[Data entries]
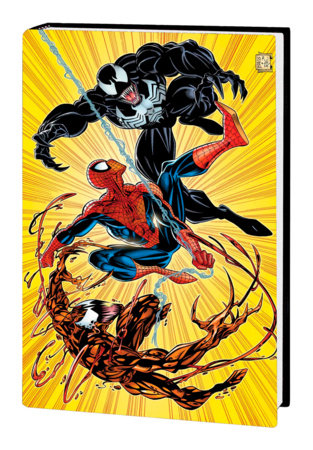 Spider-man by Michelinie & Bagley Omnibus Vol. 1 (DM cover)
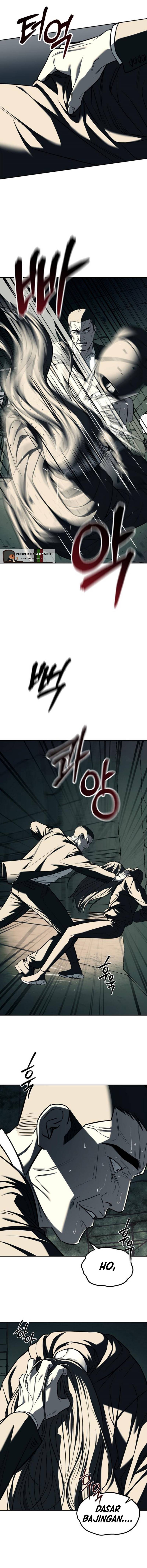 Undercover! Chaebol High School Chapter 26 Gambar 10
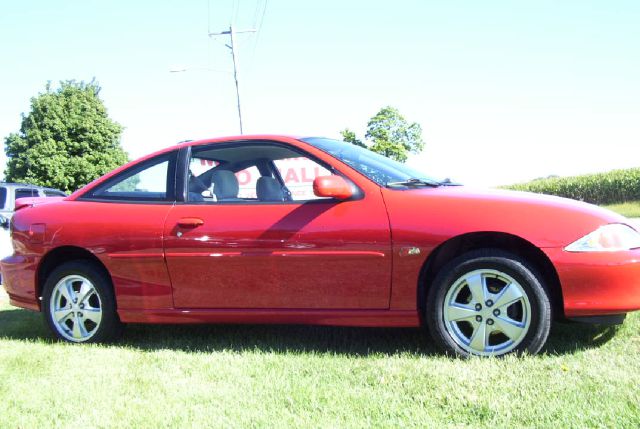 2002 Chevrolet Cavalier Tan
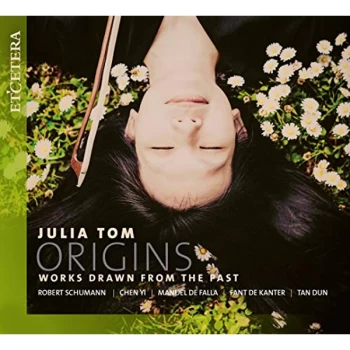 Image of Julia Tom - Julia Tom: Origins CD
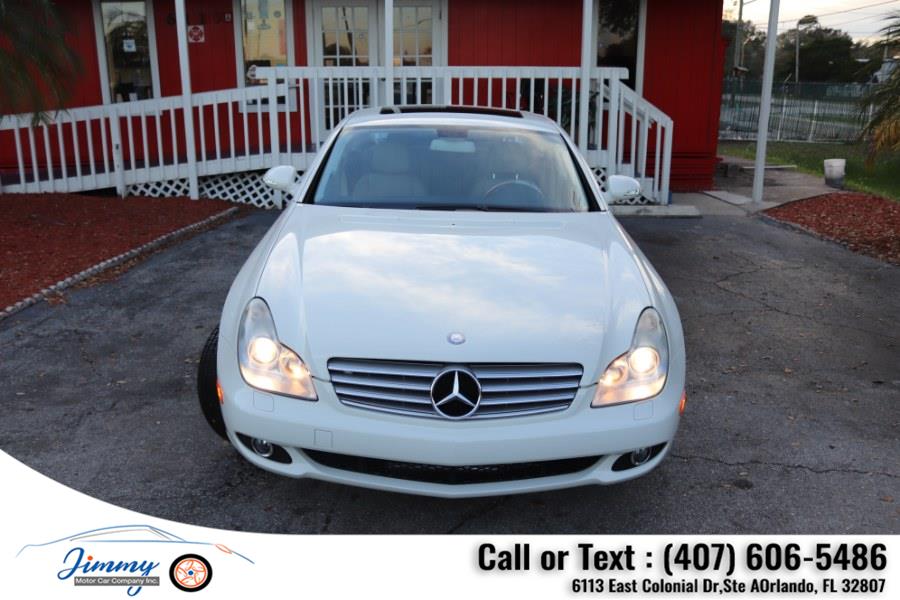 Used Mercedes-Benz CLS-Class 4dr Sdn 5.5L 2008 | Jimmy Motor Car Company Inc. Orlando, Florida Used Mercedes-Benz CLS-Class 4dr Sdn 5.5L 2008 | Jimmy Motor Car Company Inc. Orlando, Florida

**DIRECTIONS FOR THIS TASK**
Beginning with the line where "Undercover! Chaebol High" appears, restate word for word every line down to the last one in the data, but keep the pictures out.

**OUTPUT FOR THIS TASK**
 Undercover! Chaebol High School Chapter 26 Gambar 10
 2002 Chevrolet Cavalier Tan
 Image of Julia Tom - Julia Tom: Origins CD
 Used Mercedes-Benz CLS-Class 4dr Sdn 5.5L 2008 | Jimmy Motor Car Company Inc. Orlando, Florida Used Mercedes-Benz CLS-Class 4dr Sdn 5.5L 2008 | Jimmy Motor Car Company Inc. Orlando, Florida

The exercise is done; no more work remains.